TASK ITEM | Restate, word for word, the run of lines that starts at the line containing "Piupiuchick short skirt | washed blue denim" and ends with the final line of the listing. Leave pictures out.

┄┄┄┄┄┄┄┄┄┄

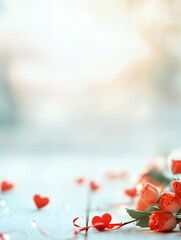 Wall Mural - red roses and heart-shaped decorations on a light wooden surface. soft bokeh background with copy sp
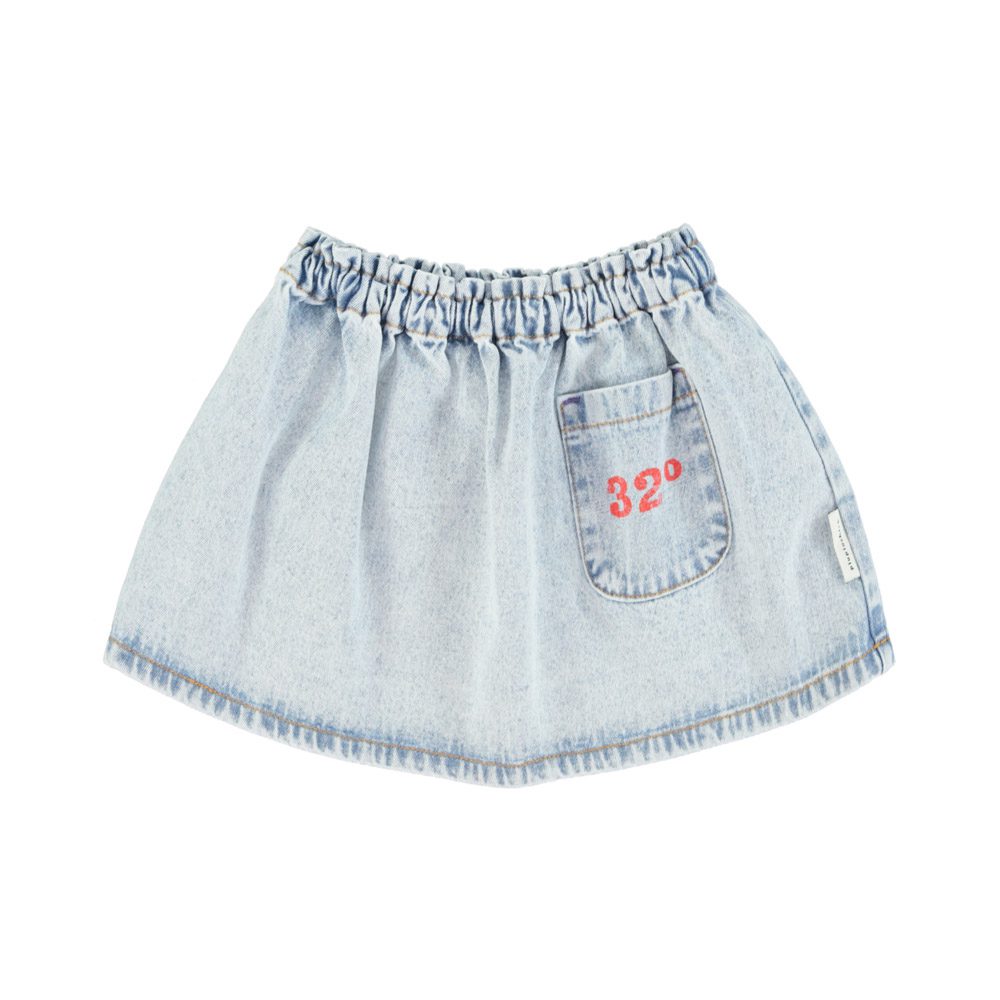 Piupiuchick short skirt | washed blue denim
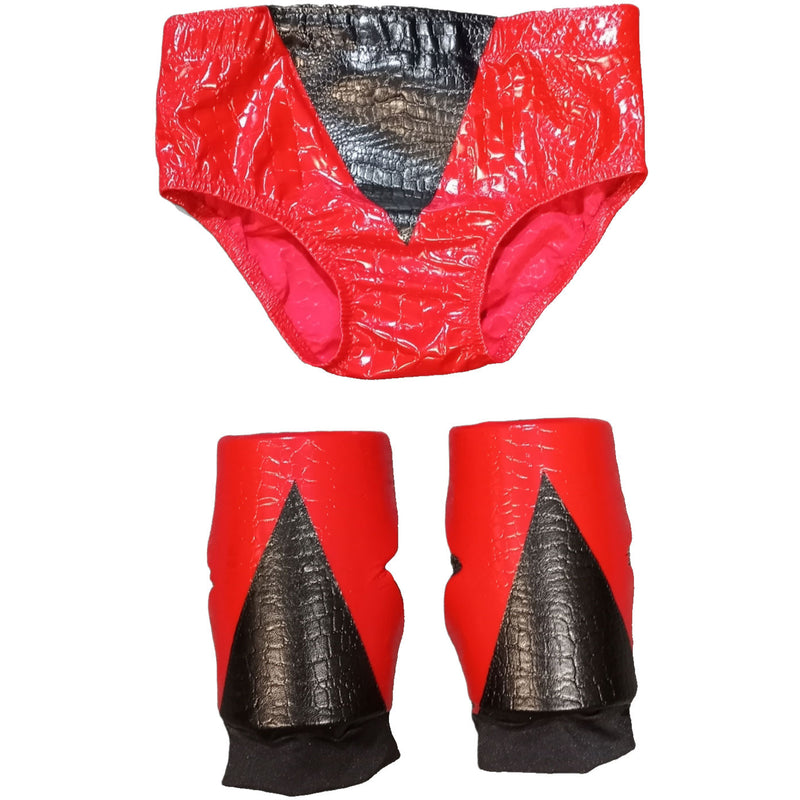 Red Crocodile Pleather with Black V Design Trunks and Kneepads Set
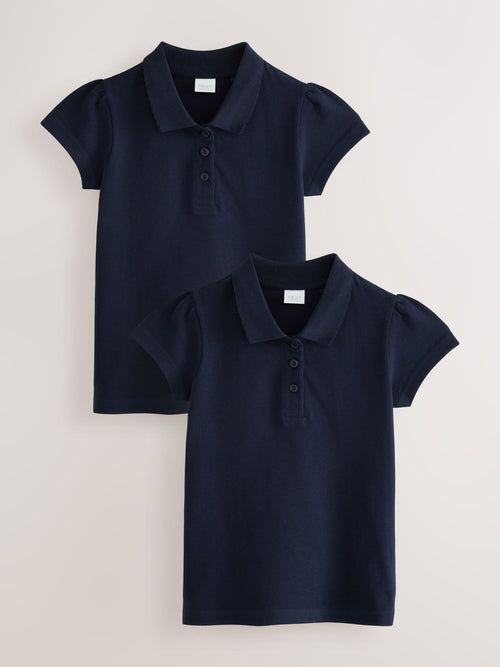 Dsiney Kidz - Navy Blue Regular Fit Girls 2 Pack Cotton Short Sleeve Polo Shirts (3-16yrs) image 1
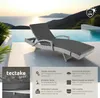Chaise longue en rotin et aluminium Océane - gris clair Voir les images du produit 2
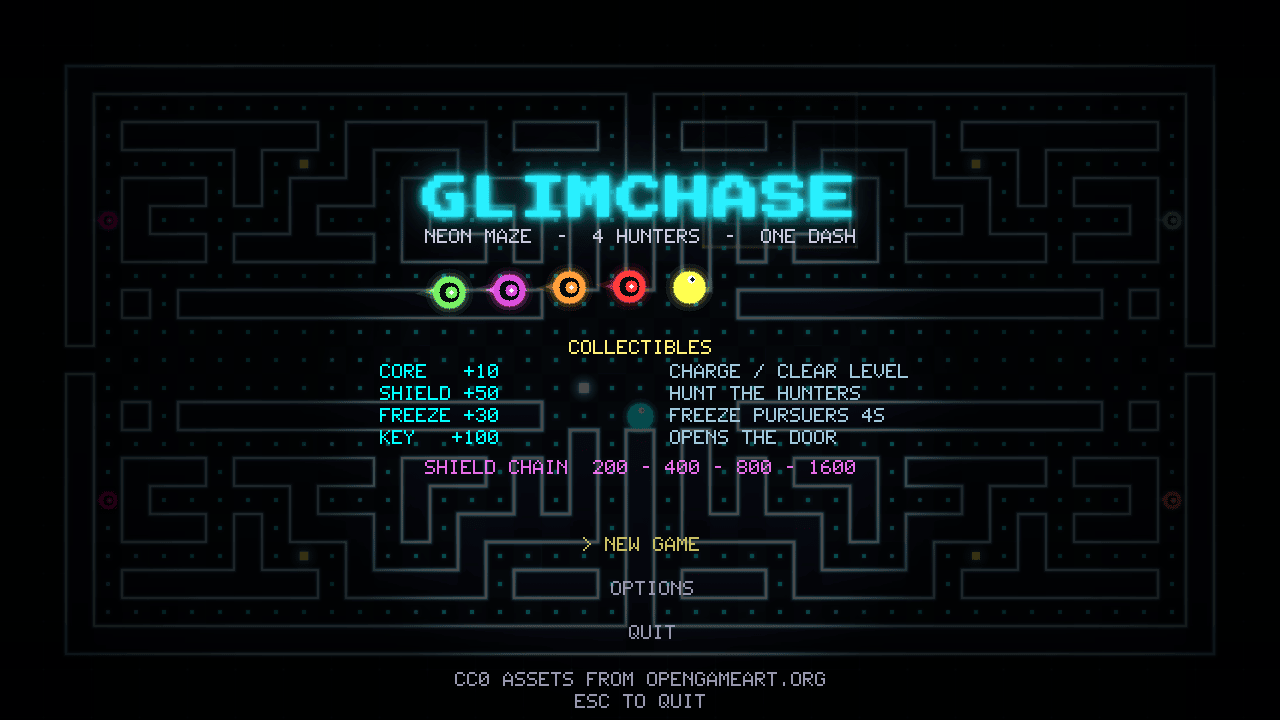 The Glimchase title screen: neon wordmark, the sprite parade and the COLLECTIBLES attract panel listing pickups and the shield chain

┄┄┄┄┄┄┄┄┄┄

WRITTEN SOLUTION |
 Piupiuchick short skirt | washed blue denim
 Red Crocodile Pleather with Black V Design Trunks and Kneepads Set
 Dsiney Kidz - Navy Blue Regular Fit Girls 2 Pack Cotton Short Sleeve Polo Shirts (3-16yrs) image 1
Chaise longue en rotin et aluminium Océane - gris clair Voir les images du produit 2
 The Glimchase title screen: neon wordmark, the sprite parade and the COLLECTIBLES attract panel listing pickups and the shield chain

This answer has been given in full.